大人ピアノ指導法:最強となる女性の「口コミ効果」No.2
なぜ中高年女性の口コミ効果は強力なのでしょうか
中高年女性の口コミ効果が非常に強いことは、多くの方がすでに実感しておられるのではないでしょうか。
実際、若い世代のお母様方の影響力と、中高年、たとえば70歳前後の女性の影響力とを比べると、その差は非常に大きいものがあります。
その理由をひと言で表すなら、「中高年女性は縦のつながり」にも強く、「横のつながり」にも強いということです。
縦のつながりとは、年齢や立場を超えた人間関係です。年上の方とのお付き合いもあれば、年下の方のお世話をする関係もあります。地域の会、老人会、役割のある集まりなどの中で、「いつもお世話になっているから」「あの方とは長いご縁だから」といったつながりが生まれています。こうした縦の関係は、実はとても強い力を持っています。
一方で、横のつながりも非常に豊かです。ご近所づきあい、同窓会、趣味の仲間、地域の友人など、多くの方と日常的に密接につながっておられます。中には、一人で五人分ほどお話しされるような方も珍しくありません。そうした方の存在が、情報の広がりをさらに大きくしていくのです。
けれども、ここで大切なのは、ただ「中高年女性は口コミ力が強い」と知るだけでは十分ではないということです。
口コミが生まれやすい流れをつくることが必要なのです。
その流れとは何か。
それは、**「誘う・集う・喋る」**という三つのステップです。
この流れがなければ、口コミはなかなか広がりません。
たとえば、口コミになりにくい例を考えてみましょう。
皆様が、そろばん教室へ二時間通って、一生懸命学んで帰宅したとします。やっと家に着いて、「さあ、そのあと何をしますか」と考えたとき、多くの方は、そろばんのことをさらに考え続けるよりも、テレビをつけたり、一息ついたりして、少し休みたいと思われるのではないでしょうか。
つまり、そろばん教室での体験が、その場で誰かに話したくなる流れにはなっていないのです。もちろん後日、「どこかいい教室を知らない?」と聞かれたときには、「そういえば、あそこはよかったわよ」と紹介することはあるかもしれません。

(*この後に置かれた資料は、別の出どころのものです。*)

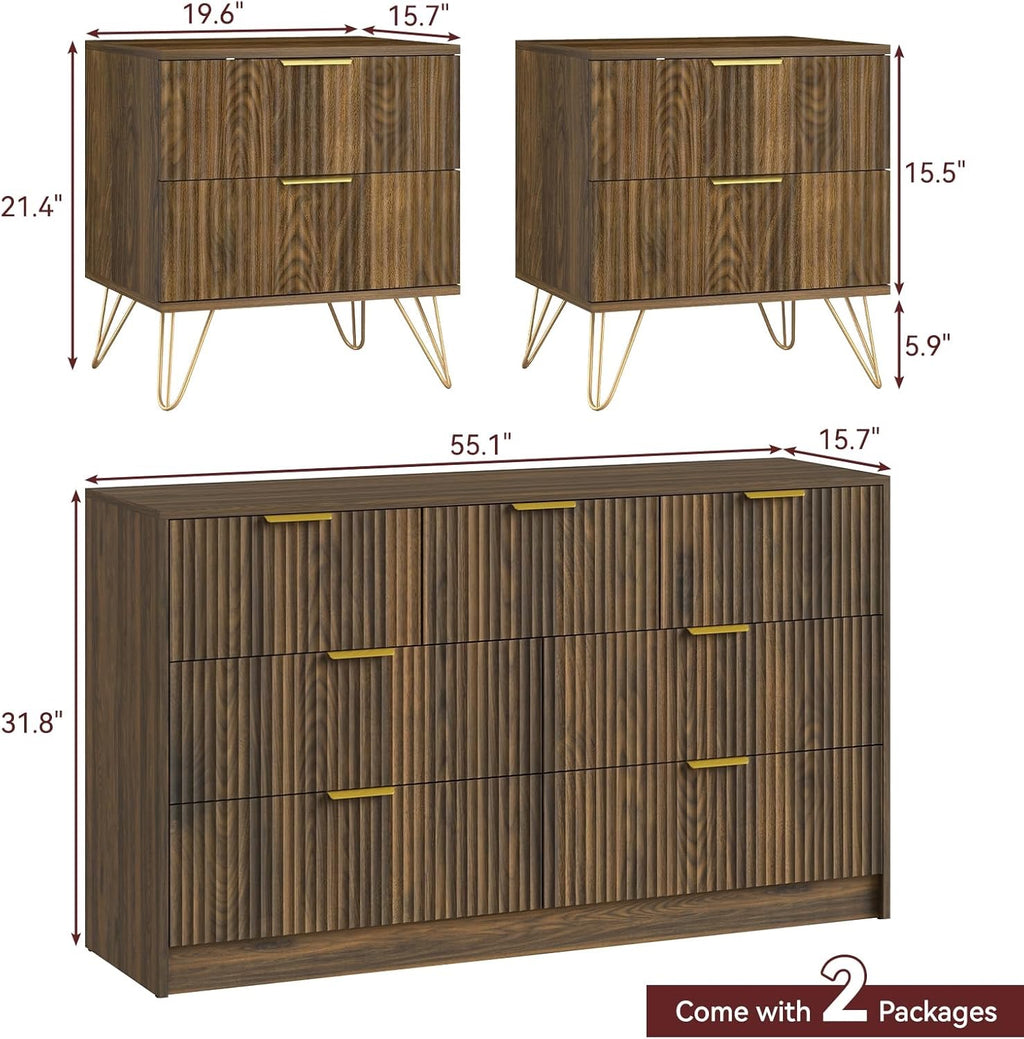 3-Piece Mid-Century Bedroom Set | 7-Drawer Dresser & Two Nightstands with Gold Handles (Natural Wood)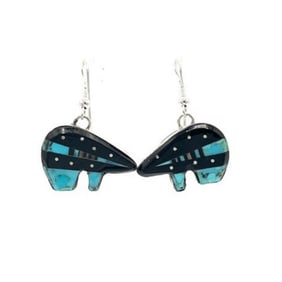 Navajo Ray Jack Turquoise Jet Inlay Bear Earrings Native Signed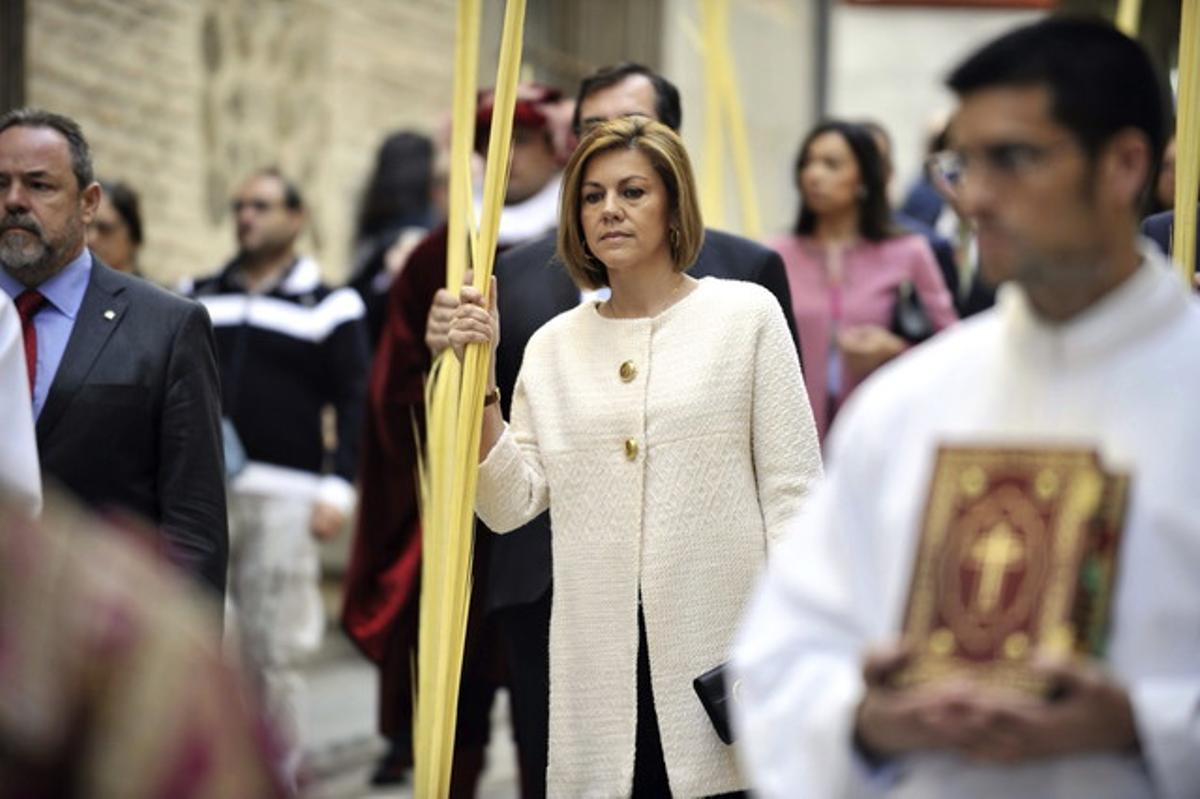 Cospedal, en la processó del Diumenge de Rams a Toledo. Cospedal, en la processó del Diumenge de Rams a Toledo.
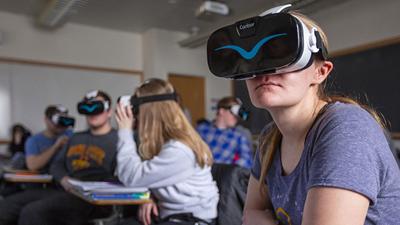 Students using VR in classroom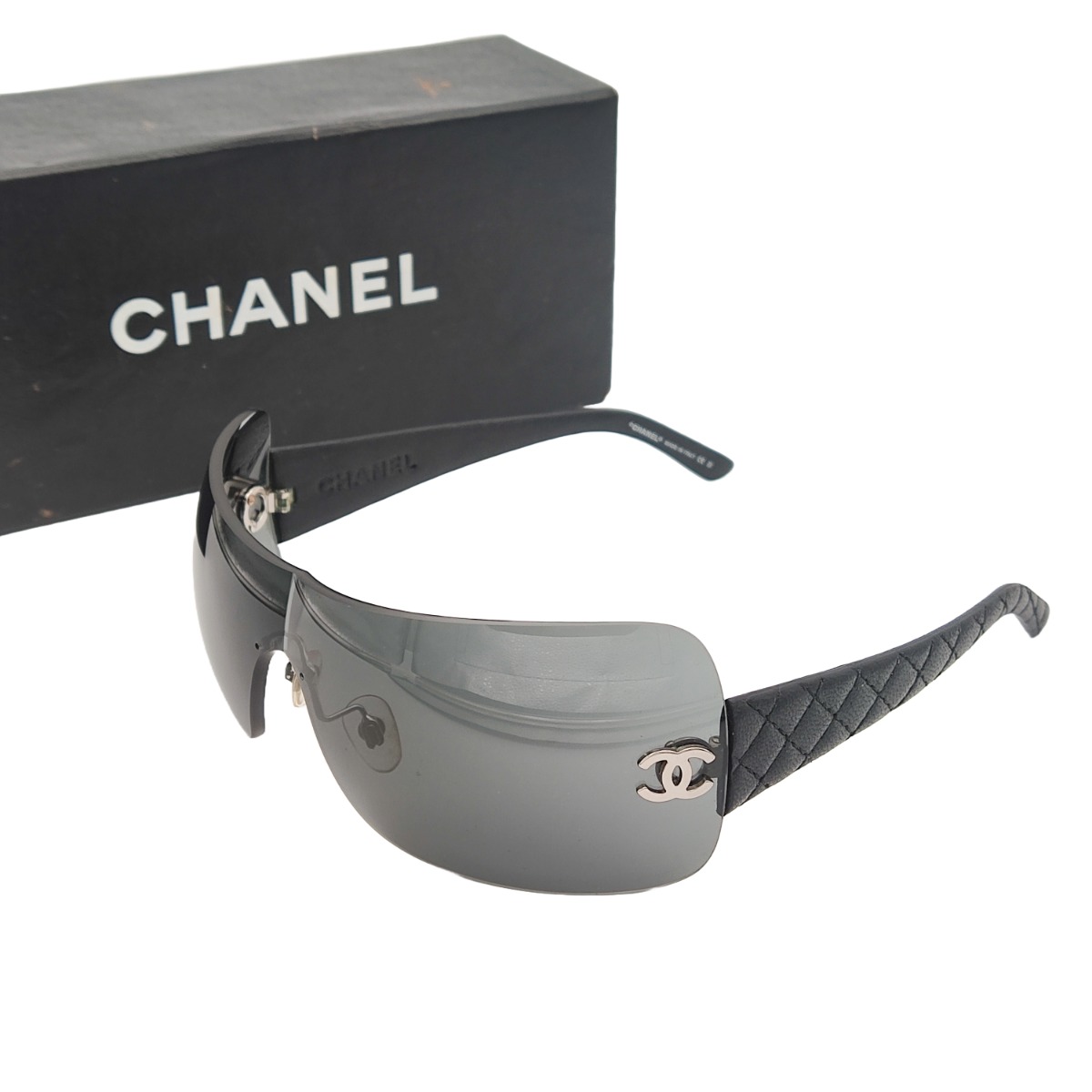 Chanel Quilted Leather Temple 4157-Q Shield Sunglasses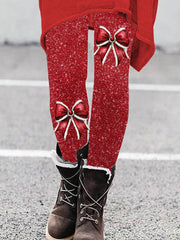 Merry Christmas Bow Print Casual Leggings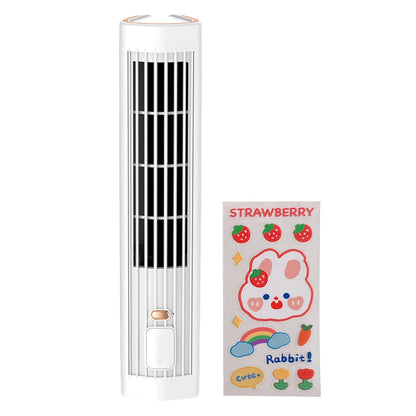 Tower Fan USB Charging Portable Air Conditioner 1200mAh Electric Vertical Fan Wireless Desk Fan for Home Bedroom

けれども、それは“きっかけ待ち”の状態です。
このような構造では、口コミは起こるとしても、どうしても遅くなります。
これが、口コミの広がりにくいモデルです。
では、口コミの影響力が強くなる流れとは、どのようなものでしょうか。
それが先ほどの、**「誘う・集う・喋る」**です。
たとえば、掲示板に「らくらくピアノ体験会を開催します。皆様どうぞ」と書かれていたとします。すると中高年の方は、「どうする?」「あなたが行くなら、私も行こうかしら」といったように、まず誘い合うことが起こります。
そして当日になると、一緒に参加し、一緒に体験し、会話を交わしながらその時間を過ごします。
「わあ、これ本当に弾けたわ」
「思っていたより楽しいわね」
そんなふうに感動を共有する。これが集うということです。
さらに、その場では自然に会話が生まれます。
「あれもよかったわね」
「こんなことができるなんて驚いたわ」
と、皆で喋ることが起こります。
すると、その体験は家に帰ってからも続きます。
ご家族に「今日こんなことがあったのよ」と話したくなりますし、お友達にも伝えたくなります。
つまり、
誘う → 集う → 喋る
という流れがあることで、体験そのものが話題となり、自然に口コミへとつながっていくのです。
中高年女性の口コミ効果が強力なのは、もともとの人間関係の広さだけが理由ではありません。
その特質に合った流れをつくることで、その力はさらに大きく発揮されるのです。
ですから、体験会や教室運営を考えるときには、ただ内容を伝えるだけではなく、
「誰かを誘いたくなる工夫があるか」
「一緒に集って楽しめる場になっているか」
「自然に会話が生まれる空気があるか」
という視点を持つことが大切です。
中高年女性の特質を理解し、それを活かした場づくりをすること。
それが、あたたかく、自然で、力強い口コミへとつながっていくのです。